A few years after the PCM adaptor's introduction, Sony introduced in 1987 a new cassette-based format for digital audio recording called DAT (Digital Audio Tape). DAT was a much more portable and less-cumbersome format to use than a PCM adaptor-based system, since DAT no longer relied on a separate video cassette recorder. Instead, DAT recorders had their own built-in transport using a small cassette unique to the format. DAT used tape 4 millimeters ( .157 inches) in width loaded into a cassette 73 mm × 54 mm × 10.5 mm (2.87 in. x 2.12 in. x 0.41 in.) in size. The audio data was recorded to the tape in the same fashion that a VCR connected to a PCM adaptor would record to a videotape, by using helical scan recording.
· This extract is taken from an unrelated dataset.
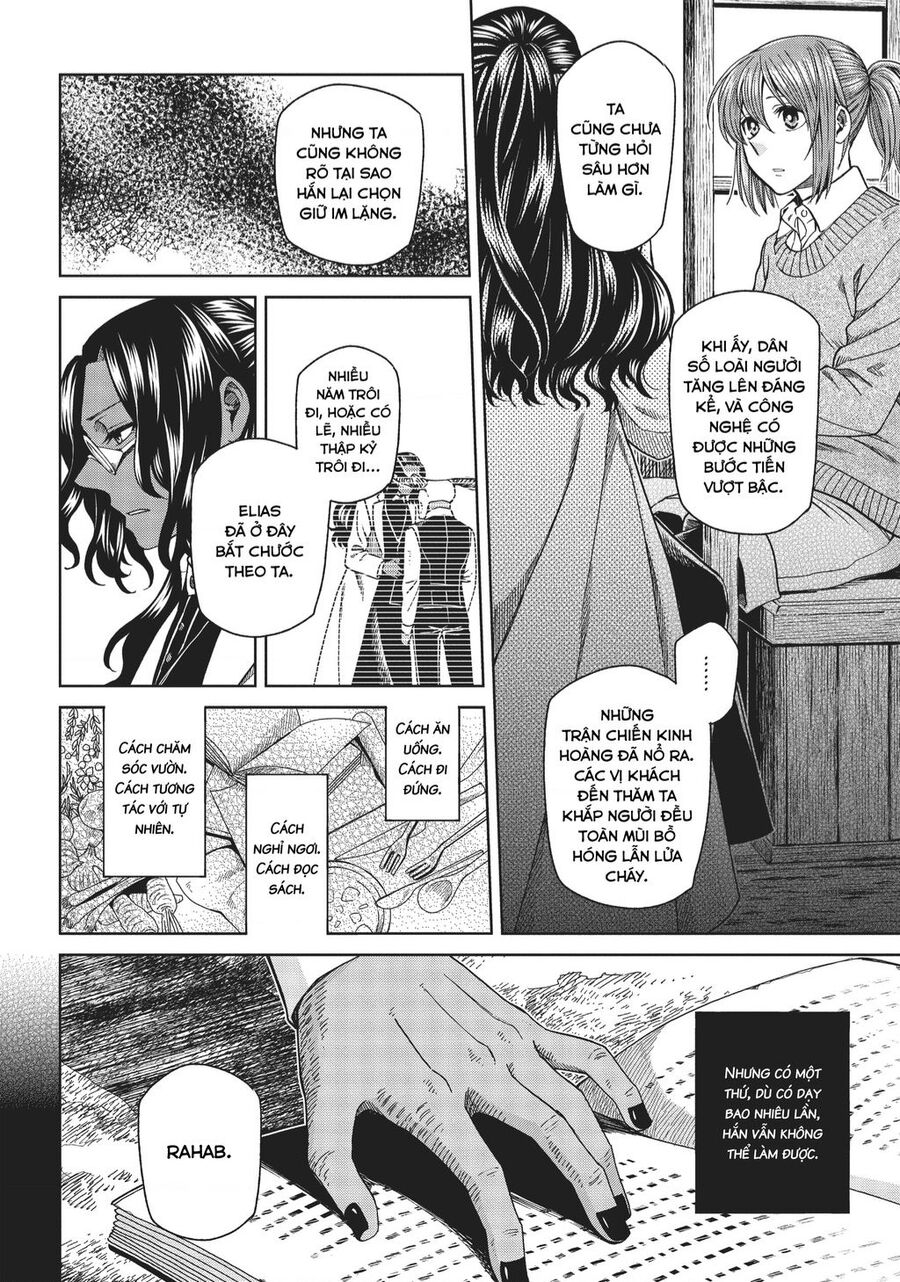 Cô Dâu Pháp Sư - Chap 52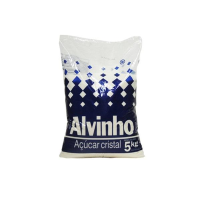 imagem de Acucar Cristal Alvinho 5Kg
In essence, DAT was a modernized, integrated, and miniaturized version of a PCM adaptor-based system.

DAT could only record 2 tracks of audio for stereo at a time, much like a PCM adaptor, but the smaller size of the equipment and media, as well as being able to accept multiple sampling rates (the standard 44.1 kHz, as well as 48 kHz, and 32 kHz, all at 16 bits per sample, and a special "LP" recording mode using 12 bits per sample at 32 kHz for extended recording time) gave DAT many advantages over PCM adaptor-based systems.

Digital recorders capable of multi-track recording (as opposed to only two tracks for stereo that a PCM adaptor or DAT could record) such as Mitsubishi's ProDigi format and Sony's DASH format also became available on the professional audio market about the same time as the introduction of PCM encoder/decoders made for use with video tape recorders. Machines for these formats had their own transports built-in as well, using reel-to-reel tape in either 1/4", 1/2", or 1" widths, with the audio data being recorded to the tape using a multi-track stationary tape head. ADAT also became available in the early 1990s, which allowed eight-track 44.1 or 48 kHz recording on S-VHS cassettes.

Formats like ProDigi and DASH were referred to as SDAT (Stationary-head Digital Audio Tape) formats, as opposed to formats like the PCM adaptor-based systems and DAT, which were referred to as RDAT (Rotating-head Digital Audio Tape) formats, due to their helical-scan process of recording.

Like the DAT cassette, ProDigi and DASH machines also accommodated the obligatory 44.1 kHz sampling rate, but also 48 kHz on all machines, and a 96 kHz sampling rate on the last-generation units. They overcame the problems that made typical analog recorders unable to meet the bandwidth (frequency range) demands of digital recording by a combination of higher tape speeds, narrower head gaps used in combination with metal-formulation tapes, and the spreading of data across multiple parallel tracks.